EXERCISE DETAILS
Every line from the one holding "Election Commission orders" through the one holding "at 1&4/6 Pikitea" in the data below must be returned exactly, both ends included, with pictures left out and nothing else added.

SUPPLIED MATERIAL
========================

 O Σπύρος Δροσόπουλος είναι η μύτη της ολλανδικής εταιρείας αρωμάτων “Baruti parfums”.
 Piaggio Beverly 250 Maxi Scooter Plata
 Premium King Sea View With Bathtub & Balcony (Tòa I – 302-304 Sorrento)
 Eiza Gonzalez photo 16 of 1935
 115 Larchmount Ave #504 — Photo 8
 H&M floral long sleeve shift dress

========================

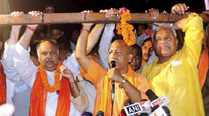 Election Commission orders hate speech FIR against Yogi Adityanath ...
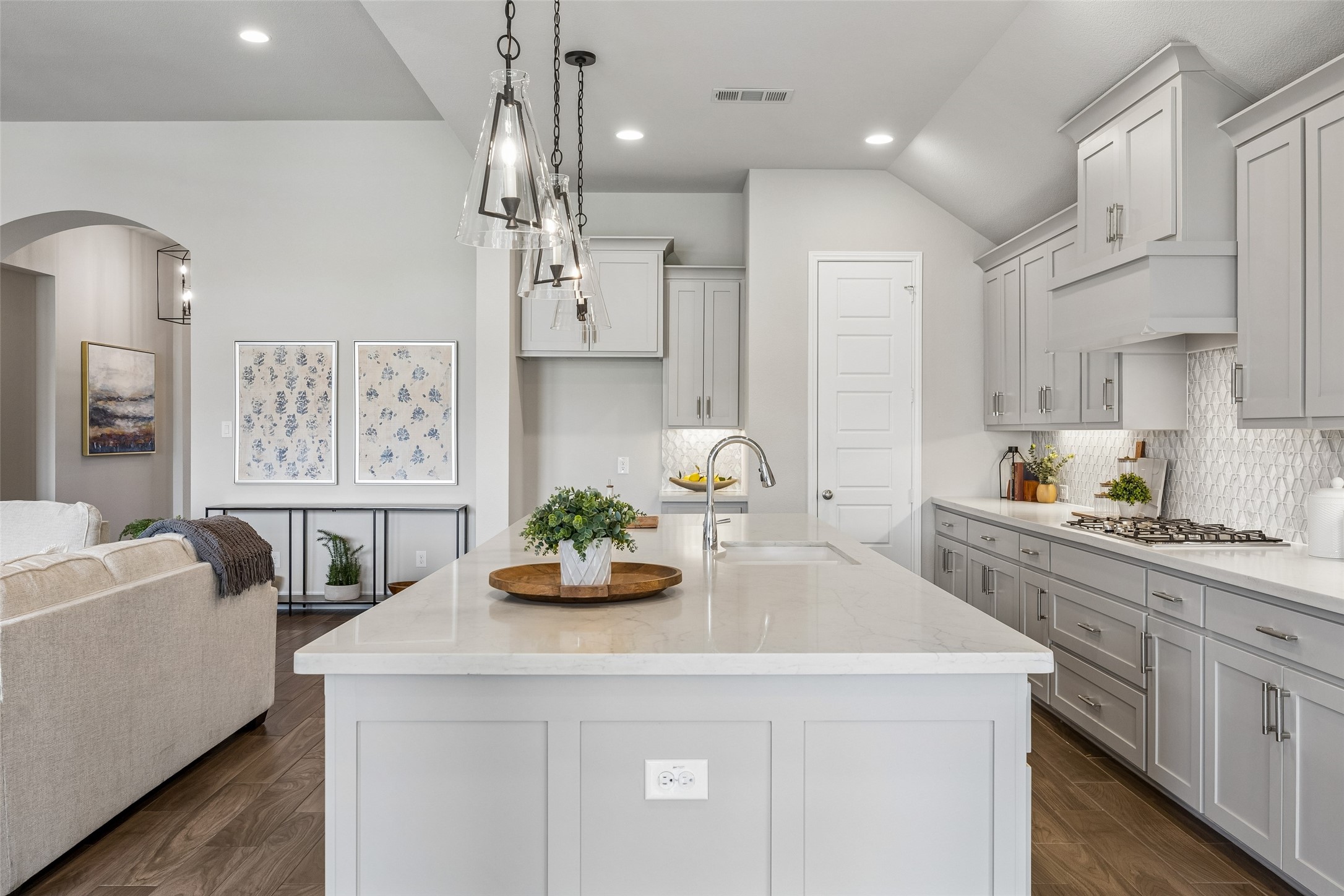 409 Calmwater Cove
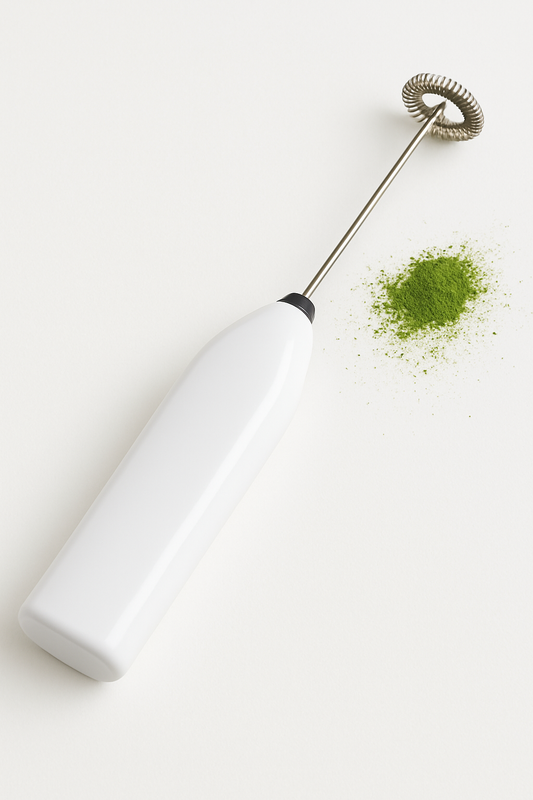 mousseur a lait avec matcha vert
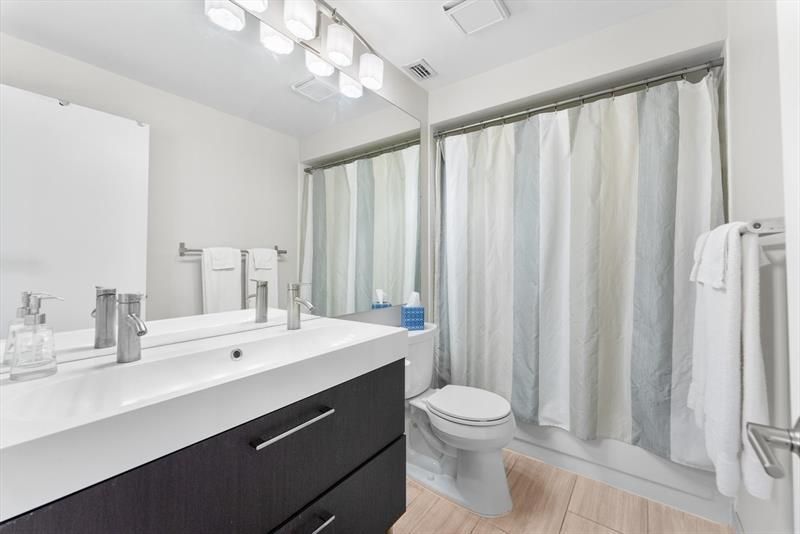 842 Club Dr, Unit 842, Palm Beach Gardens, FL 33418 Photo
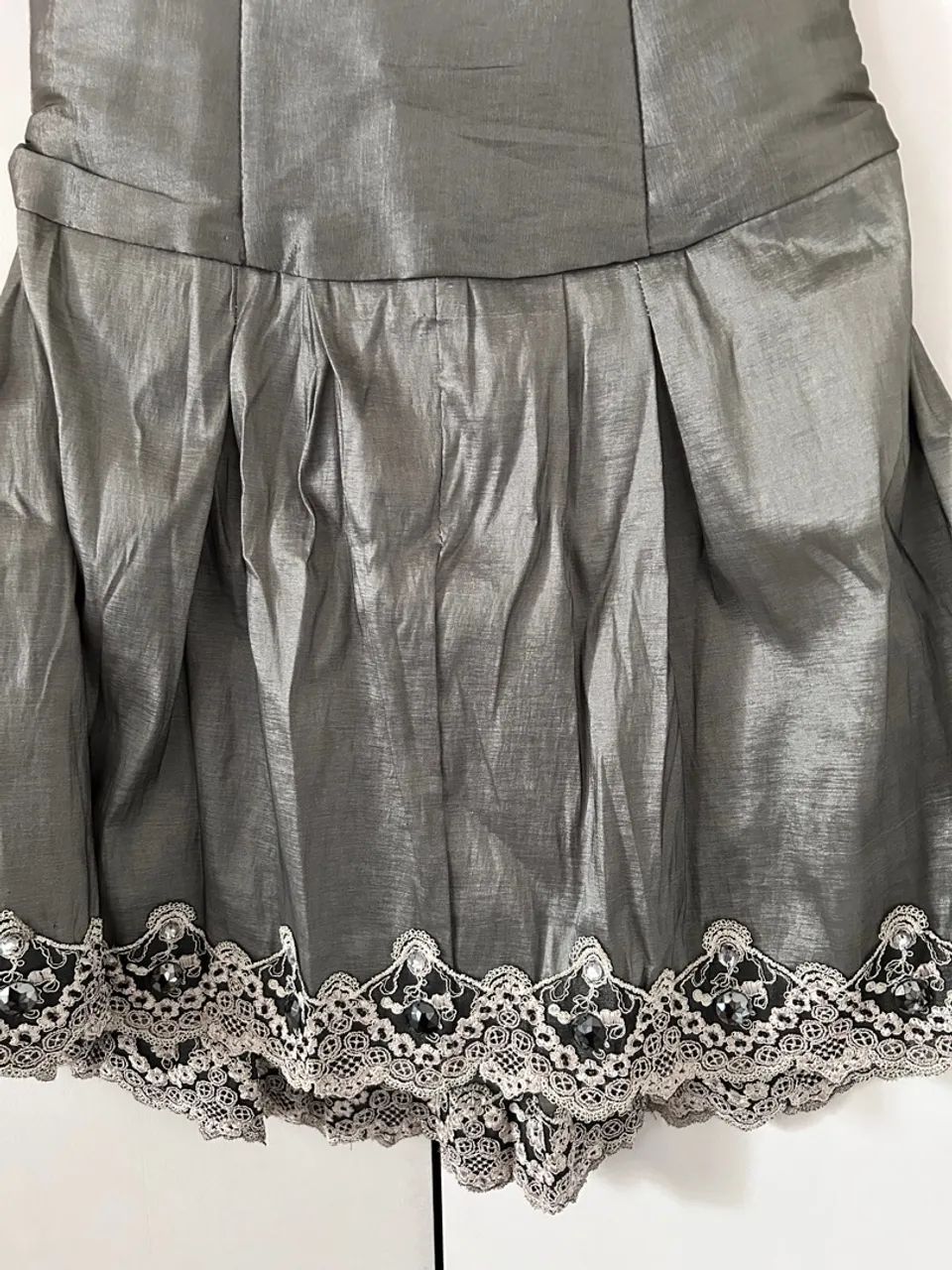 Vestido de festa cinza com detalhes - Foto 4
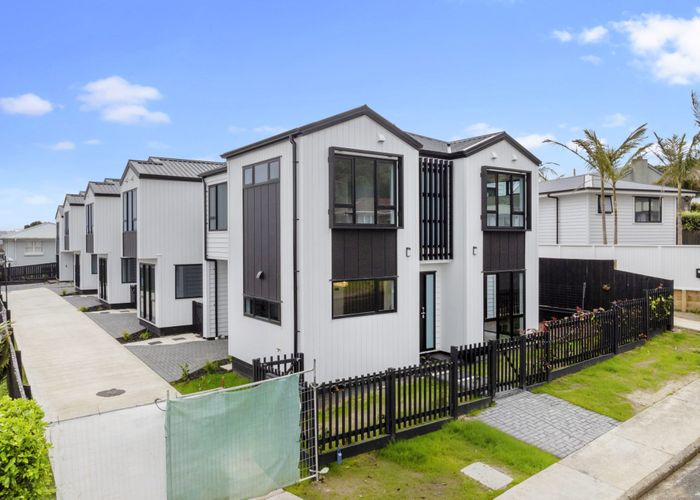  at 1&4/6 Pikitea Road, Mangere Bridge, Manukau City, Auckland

========================

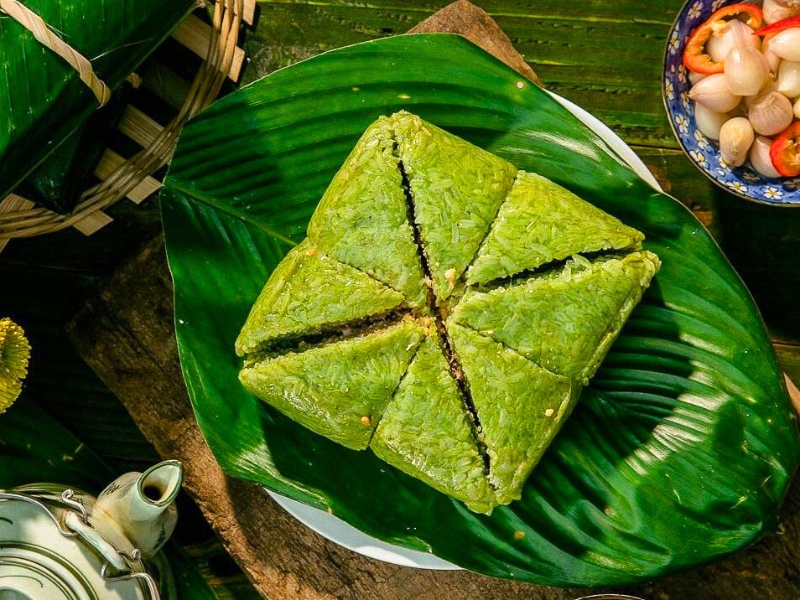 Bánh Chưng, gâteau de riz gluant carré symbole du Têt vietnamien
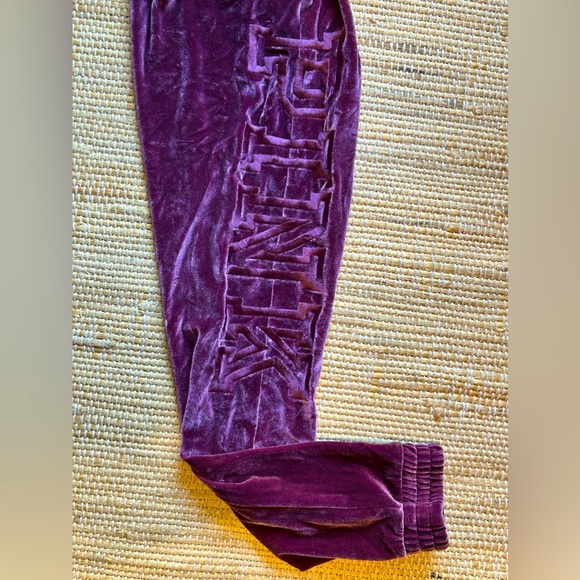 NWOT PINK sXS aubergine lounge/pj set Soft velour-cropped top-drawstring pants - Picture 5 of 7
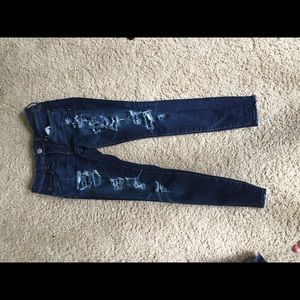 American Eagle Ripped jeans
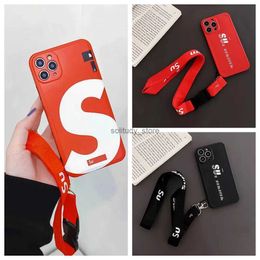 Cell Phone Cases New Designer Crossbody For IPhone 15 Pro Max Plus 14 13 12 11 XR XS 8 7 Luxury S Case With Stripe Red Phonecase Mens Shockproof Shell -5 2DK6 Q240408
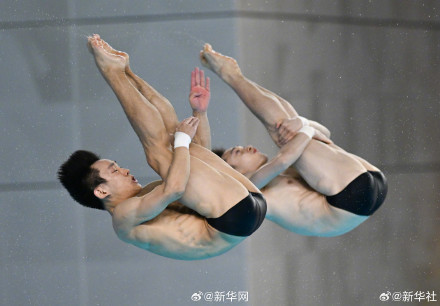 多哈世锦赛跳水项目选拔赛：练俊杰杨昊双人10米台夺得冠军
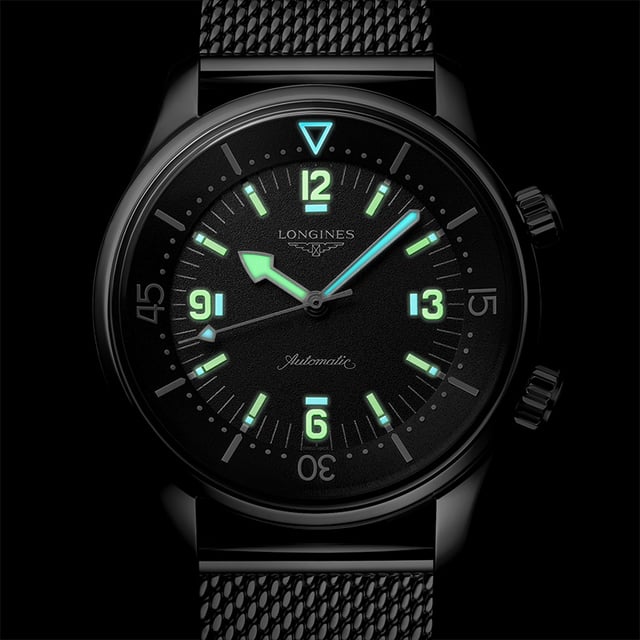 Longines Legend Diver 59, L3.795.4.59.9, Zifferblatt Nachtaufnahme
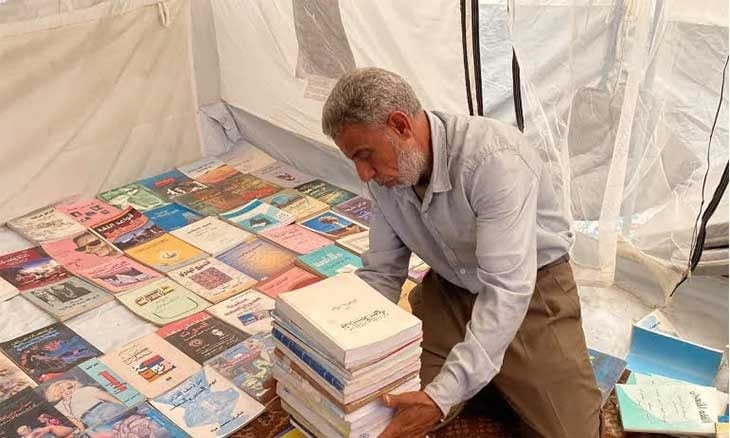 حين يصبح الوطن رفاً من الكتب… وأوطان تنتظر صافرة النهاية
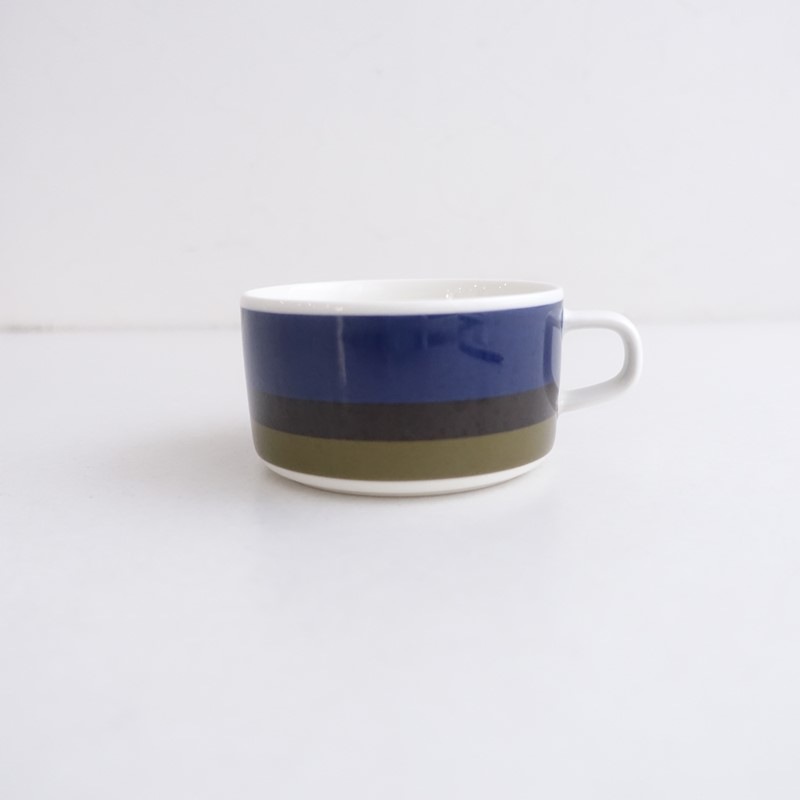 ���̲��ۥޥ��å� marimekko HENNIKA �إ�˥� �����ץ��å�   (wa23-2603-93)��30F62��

========================

ANSWER TO THE EXERCISE
 Election Commission orders hate speech FIR against Yogi Adityanath ...
 409 Calmwater Cove
 mousseur a lait avec matcha vert
 842 Club Dr, Unit 842, Palm Beach Gardens, FL 33418 Photo
 Vestido de festa cinza com detalhes - Foto 4
  at 1&4/6 Pikitea Road, Mangere Bridge, Manukau City, Auckland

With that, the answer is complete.